Kiss Kiss, Bang Bang | Screen | Pittsburgh | Pittsburgh City Paper

Kiss Kiss, Bang Bang

Wink Wink, Nod Nod

The missing word-pair from the title is "riff riff," because Shane Black's comic actioner can't stop referencing, homaging and tweaking other works of popular culture. Not that there's necessarily anything wrong with that. Kiss Kiss, Bang Bang is an entertaining romp through a certain subset of late-20th-century junk culture, and the more you already know about pulp-detective fiction, crime films and Hollyweird, the more fun you'll have.

 

Our guide on this ride is Harry Lockhart (Robert Downey Jr.), a petty thief in New York City who eludes the law one night by barging onto a film set. His realistic portrayal of a stressed-out criminal wows the director, who mistakes him for an actor, and it nets Harry a trip to Los Angeles for a screen test. To prepare for his potential role as a detective, Harry tags along with Perry van Shrike, a.k.a. Gay Perry (Val Kilmer), a cool, sharp-tongued real-life dick.

 

But the twisty hi-jinks have just begun: Harry also hooks up with Harmony (Michelle Monaghan), his long-lost high school sweetheart who just happens to be at the same party.

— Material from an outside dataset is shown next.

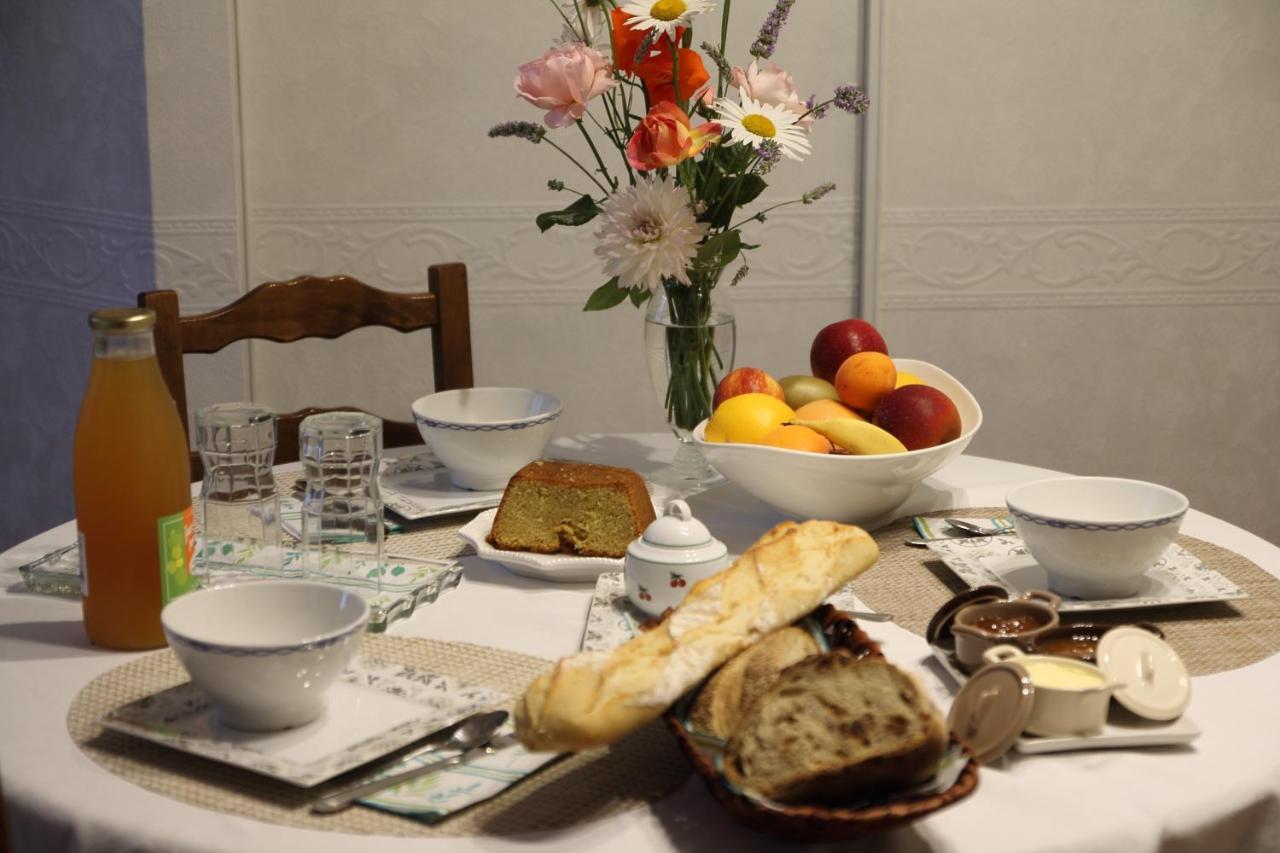 Chambre D Hote La Roussiere Saint-Ouen-Des-Toits Kültér fotó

And before you can say "Raymond Chandler sent me," there's a little sister, a dead body, a couple hit men, a loony bin, a stolen car, a missing finger, and so on. It's like they're all living in a Jonny Gossamer pulp: Gossamer, you'll learn, wrote such tough-guy bus-station classics as You'll Never Die in This Town Again and Small Town Boy Makes Dead, and has been adopted as a mentor by several of this film's characters.

 

Kiss Kiss was written for the screen by Black, but is partly based on the late-'50s Brett Halliday pulper Bodies Are Where You Find Them (that's a real book, not a joke title). While Black makes his directorial debut here, he's no stranger to the scene, having penned several successful action comedies (he lays claim to no less a feat than inventing the buddy-action flick with his script for Lethal Weapon). Thus he has as much fun jabbing at Hollywood (including a nod at Downey's infamous drugged-up house-breaking incident of a few years back) and the glossy, dead-eyed milieu of desperate, brittle wannabe stars, as he does with the conventions of the action genre and detective pulps.

 

So Black effectively combines the looseness of the buddy flick with its quips, vulgar pratfalls and shaggy characters (Downey, the consummate Hollywood insider, plays the befuddled outsider with much goofy charm) with the ludicrous, convoluted plot of a hardboiled pulp novel. The details of the story are moot: It's the journey that matters, as the wry cynical hero trolls through alleys, gin joints, bad dames and worse liquor on a quest for justice and order in an upside-down world -- while also making us laugh.